I've been following a few atheist and humanist sites over the past year or so. I always find it interesting to try out the head space of people who view the world much differently than I do. I find it fascinating that suddenly, arriving seemingly concurrently with post-apocalyptic visions of the world in pop culture, young people are obsessed with science and rationality - religiously obsessed, as if all of life must be put through these twin lenses or be counted inauthentic. And these are the same people who spend loads of money on steampunk costumes and paraphernalia so they can go to comic book conventions and interact with other people who are also pretending to be fictional characters.

What?

I also have found it amusing to read ranting comments about the harmfulness of religion and how it "poisons minds and hearts" and amounts to child abuse while watching the twin trends of lessening religious observance and increasing rates of suicide, mental illness, obesity, illness, depression, illegitimacy, family breakdown, crime, arrests, imprisonment, and poverty.  Not that these two are in any way connected. Of course not.

Full disclosure: While I am a practicing and observant Catholic, I've experienced my own periods of religious doubt, some lasting for years. From what I've read few people come out of the experience of infertility and miscarriage with the same view of the world and how it works. I was no exception. It took its toll.

I've read the whole Bible, had read it by the time I was 15 (I was raised in an evangelical tradition). There are a lot of things, particularly in the Old Testament - which, I confess, I prefer - that do not rest easily in my mind with my ideas of right and wrong and how to handle conflict.

I've never observed a miracle, have never seen anything that I would classify as even being close to miraculous. I am naturally religious; I'm not at all spiritual. When people - and this happens frequently - tell me that everything happens for a reason, I cringe.

I have come to believe, however, that my personal ideas and beliefs, questions and doubts are unimportant, that focusing on what I need my religion to provide for me is, in fact, hubris and completely inappropriate. Religion was never meant to provide individual satisfaction or happiness, although it does do this frequently enough. I've known so many people who have survived horrible trials only because of their religious faith and the support their religious community gave them.

Religion is the way culture maintains and reproduces itself. It's the way values are transmitted between generations, the way worldviews are shaped, and destructive behavior within a community is minimized. Religion gives us multisensory ways of experiencing the passage of time and heightened spiritual experience. Religious belief inspires; it's creative. Religion ties people to their communities and brings them together to celebrate and mourn everyday happiness and sadness.

While it's true that people could theoretically come up with purely social methods for transmitting culture and bonding themselves together, most people would not feel compelled to participate without some higher meaning or guilt attached, and you need significant buy-in for the prophylactic effects of religion to work. A small percentage of people are capable of creating community and policing their own behavior adequately without this framework. Most people are not.
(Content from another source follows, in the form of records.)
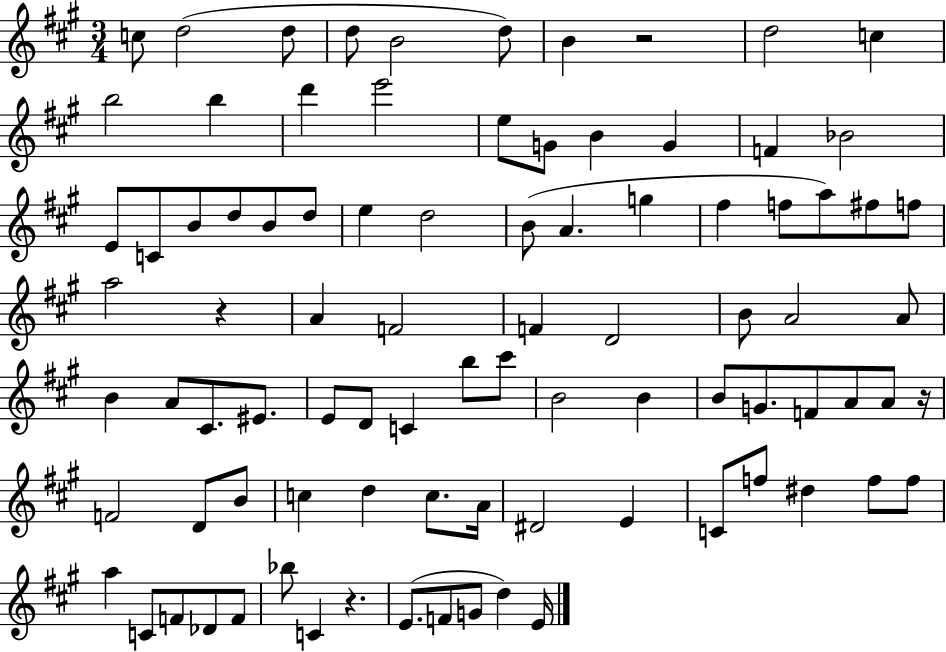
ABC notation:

X:1
T:Untitled
M:3/4
L:1/4
K:A
c/2 d2 d/2 d/2 B2 d/2 B z2 d2 c b2 b d' e'2 e/2 G/2 B G F _B2 E/2 C/2 B/2 d/2 B/2 d/2 e d2 B/2 A g ^f f/2 a/2 ^f/2 f/2 a2 z A F2 F D2 B/2 A2 A/2 B A/2 ^C/2 ^E/2 E/2 D/2 C b/2 ^c'/2 B2 B B/2 G/2 F/2 A/2 A/2 z/4 F2 D/2 B/2 c d c/2 A/4 ^D2 E C/2 f/2 ^d f/2 f/2 a C/2 F/2 _D/2 F/2 _b/2 C z E/2 F/2 G/2 d E/4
Human beings are endlessly innovative, and it's quite possible that someone could come up with a successful religious framework that would accomplish the above goals in the West better than Christianity has for the past two millenia. Certainly Christianity has not done a great job of standing up to the kindergartenish ideals of "fairness," "equality," or "tolerance" over the past century. But I have absolutely no interest in a religion created out of whole cloth for practical reasons for the same reasons I wouldn't bother to learn to "speak" Dothraki or an Elven tongue, even though I love languages. The countless iterations of Christian observance tell us nearly everything we know about our ancestors and what they believed, lived, and valued. The rituals they made up to celebrate life and time satisfy me very likely because they satisfied them and we are genetically connected.

The pastor's chair that once sat in the front of my grandfather's church sits in my bedroom today. It's not the most valuable piece of furniture in my house, but it reminds me that my grandfather helped build his church with his own back and his own money and these things were important to him. I still sing his favorite hymn, and it helps me to remember the person he was. I have my grandmother's stained glass nativity set, and I think of her and how we are alike and different every year when I set it up.

I am neither a philosopher nor a theologian, but I am a mother, and I have chosen to raise my child in a religious community with religious values. He feels he is a part of something and surrounded by like people who care about him. We talk about the saints who came before us, we sing the Agnus Dei as people did for centuries. Religion meets different needs in different people, but I'm not confident I could manufacture anything out of whole cloth that would be as relevant or inspirational as what Christian tradition offers. And it would not be a connection to my ancestors or their lives.

From what I've seen over the past 43 years, attempts to bypass the negatives of "organized religion" while still maintaining its "spiritual" benefits have failed, and the Boomers had the benefit of being raised in a functional society with actual rules and obligations. I'm not foolish enough to think I could do better on my own.